> [MATERIAL SHOWN]
==============================

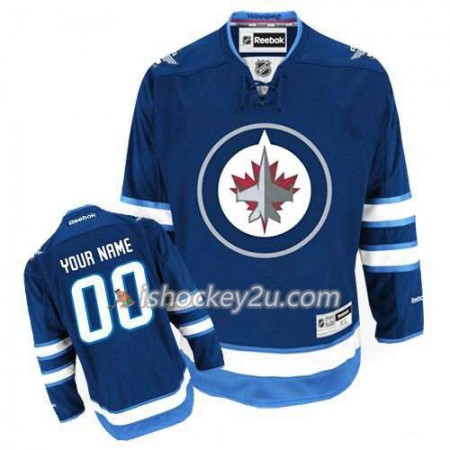 Børn NHL Winnipeg Jets Trøje Tilpasset Blå Premier Hjemme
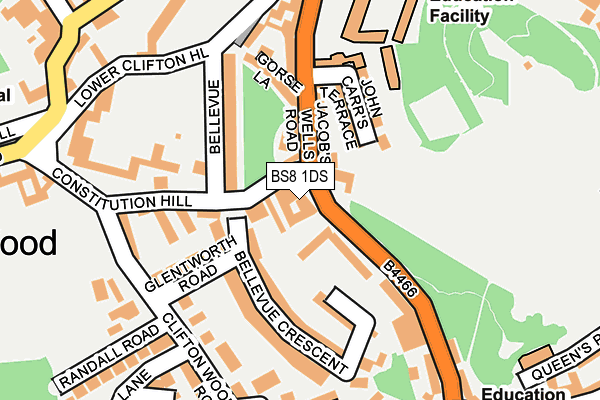 BS8 1DS map - OS OpenMap – Local (Ordnance Survey)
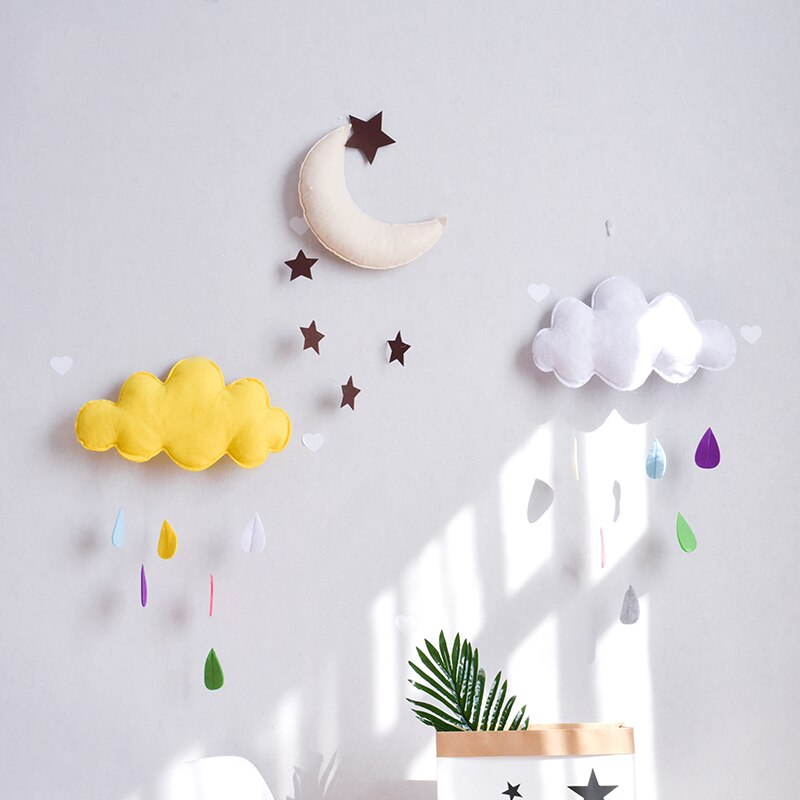 kids teepe tent home decor handmade clouds raindrops non-woven wall stickers Year pendant photography props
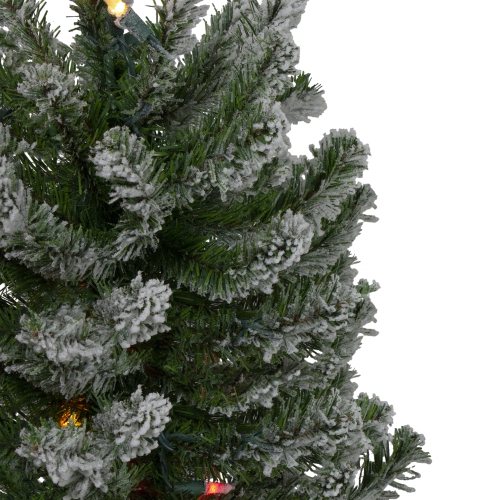 6' Pre-Lit Flocked Alpine Artificial Christmas Tree - Multi Lights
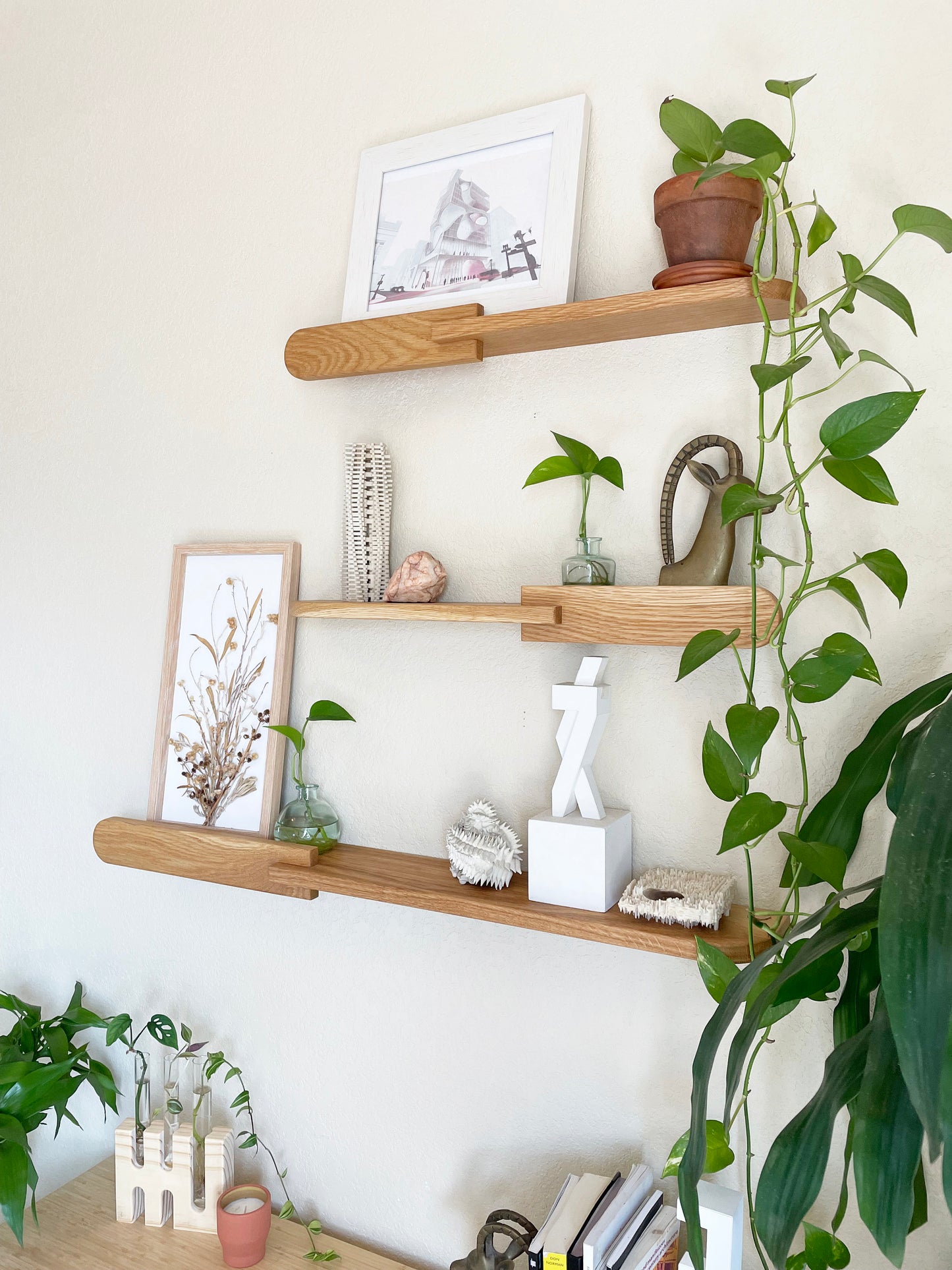 Mid-Century Hardwood Floating Shelf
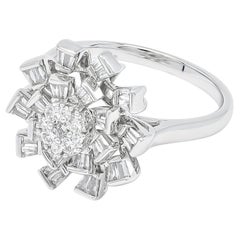 Bague cocktail haute couture en or blanc 18 carats avec diamants naturels de 0,64 carat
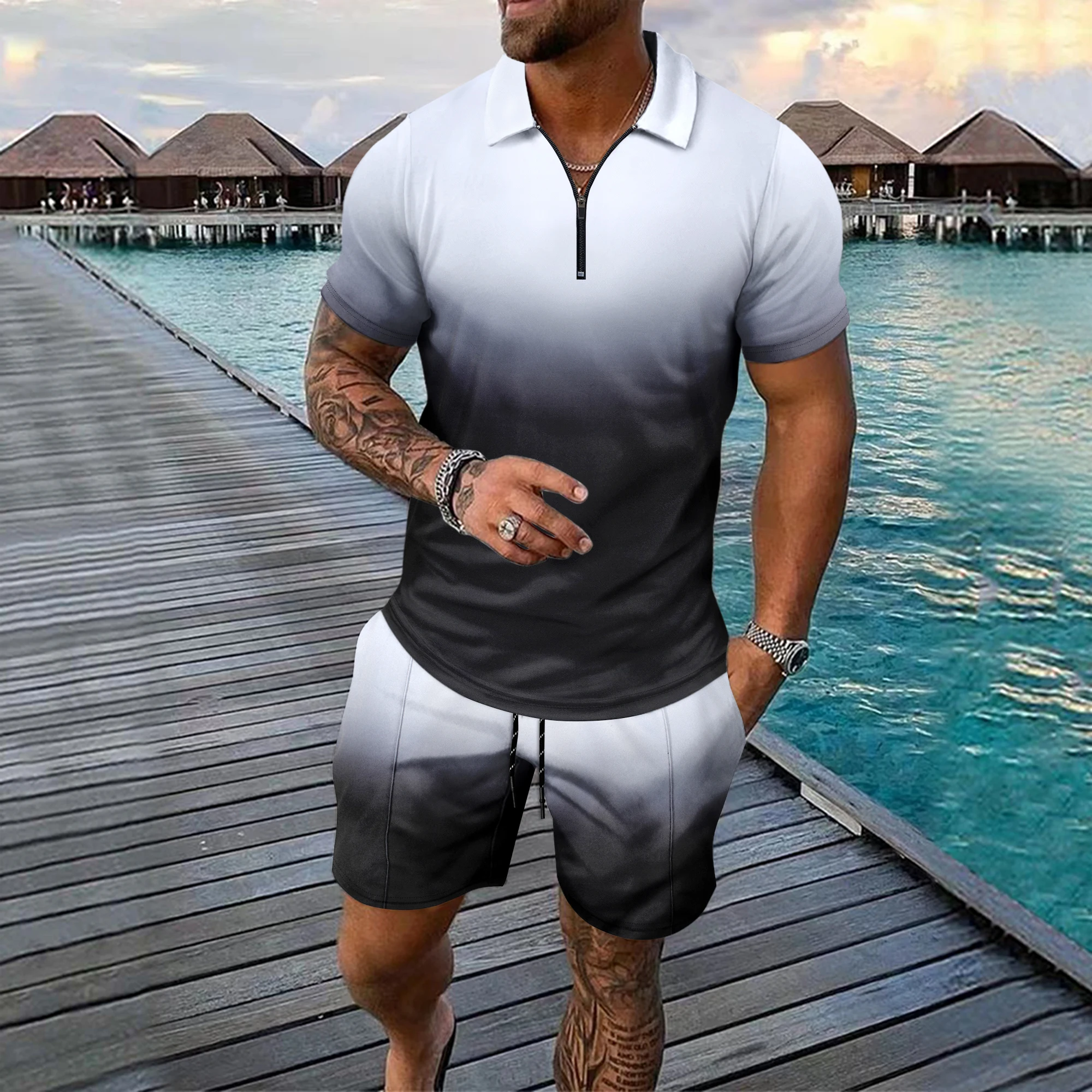 Funny 3D Tie-dye Print Men's Short Sleeve Sets Fashion Zip Polo Top +Shorts Outfit Summer Loose T-shirt Suit Casual Men Clothing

==============================

> [TASK PROMPT]
Your answer must be an exact copy of the entries above, with no pictures in it.

> [COMPLETED EXERCISE]
 Børn NHL Winnipeg Jets Trøje Tilpasset Blå Premier Hjemme
 BS8 1DS map - OS OpenMap – Local (Ordnance Survey)
 kids teepe tent home decor handmade clouds raindrops non-woven wall stickers Year pendant photography props
 6' Pre-Lit Flocked Alpine Artificial Christmas Tree - Multi Lights
 Mid-Century Hardwood Floating Shelf
 Bague cocktail haute couture en or blanc 18 carats avec diamants naturels de 0,64 carat
 Funny 3D Tie-dye Print Men's Short Sleeve Sets Fashion Zip Polo Top +Shorts Outfit Summer Loose T-shirt Suit Casual Men Clothing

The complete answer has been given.